C.S.D. No. 2 of Town of Coeymans v. New York State Teachers Retirement System

Decision Date03 May 1965
PartiesC. S. D. NO. 2 OF TOWNS OF COEYMANS ET AL., ALBANY COUNTY, Town of New Baltimore, Greene County, et al., Petitioners, v. NEW YORK STATE TEACHERS RETIREMENT SYSTEM, New York State Teachers Retirement Board, C. B. Murray, Martin A. Helfer, Muriel H. Weber, Lester B. Foreman, Arthur Levitt, Frank Wells McCabe, Harold A. Moe and Howard B. Tuggey, Respondents.
CourtNew York Supreme Court

Watters & Donovan, New York City, for petitioners (John P. Walsh, New York City, of counsel).

Bruce Bromley, New York City, for respondents.

LOUIS G. BRUHN, Justice.

This is a proceeding which was instituted on July 20, 1964 pursuant to article 78 CPLR by 105 of the 807 school districts (Employers) against the New York State Teachers Retirement System (System), the New York State Teachers Retirement Board (Board), the individual members of the Board and C. B. Murray, the Executive Secretary of the System.

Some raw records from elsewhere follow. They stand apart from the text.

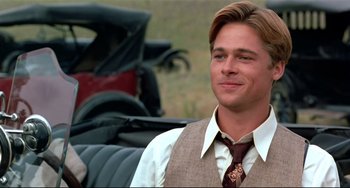 Movie still from “A River Runs Through It” (1992), directed by Robert Redford – A man wearing a suit and tie in front of an antique car; Close Up shot, Over the shoulder angle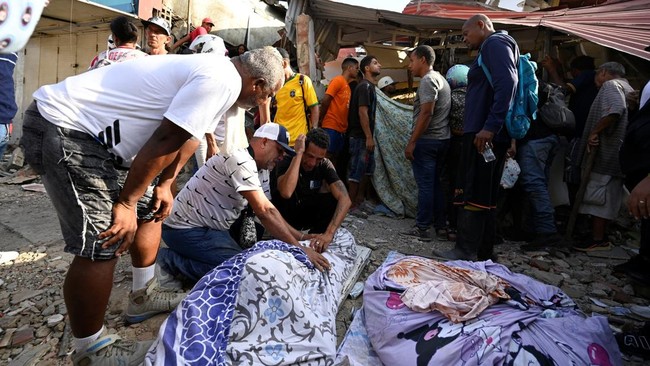 People mourn next to the body of a casualty, amid the rubble and debris of damaged buildings in the aftermath of earthquakes in La Guaira, Venezuela, June 25, 2026. REUTERS/Maxwell Briceno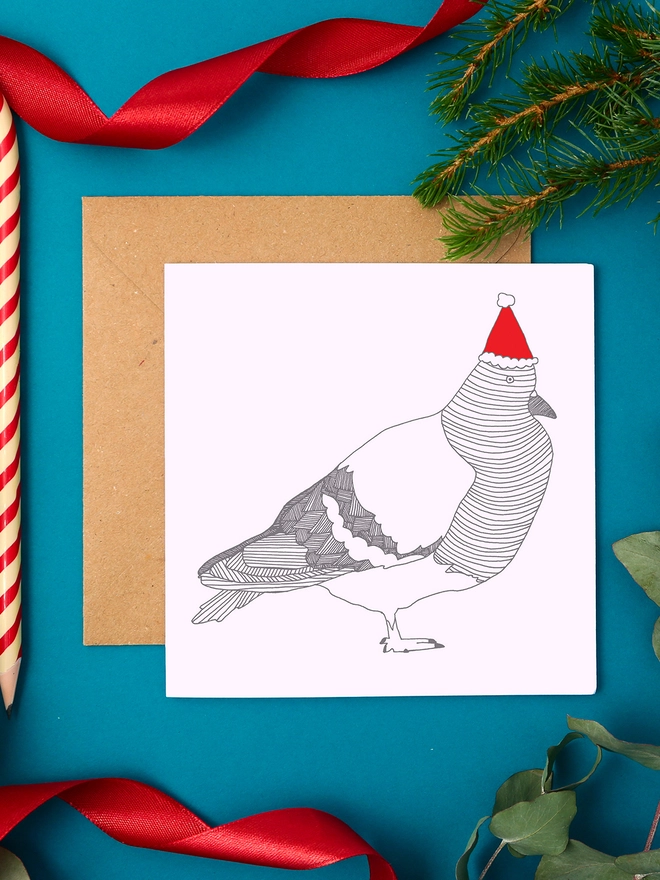 Quirky Christmas Card Featuring a Pigeon in a Santa Hat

The petition, as amended on January 29, 1965, is allegedly brought on behalf of the petitioners and all other Employers similarly situated and claims that the respondents in assessing 'contributions' against them have acted in violation of the statute governing such contributions. (§ 517 of the Education Law.)

The petitioners' claims are set forth in the amended petition in five separate causes of action.

In the first cause of action they claim that the Board, at its April 1962 meeting, assessed a 'deficiency contribution' for the school year 1962-63 although they knew, or should have known, that the deficiency balance was nearing liquidation and that the rate fixed was such that enough was collected to create an over collection which they seek to have refunded.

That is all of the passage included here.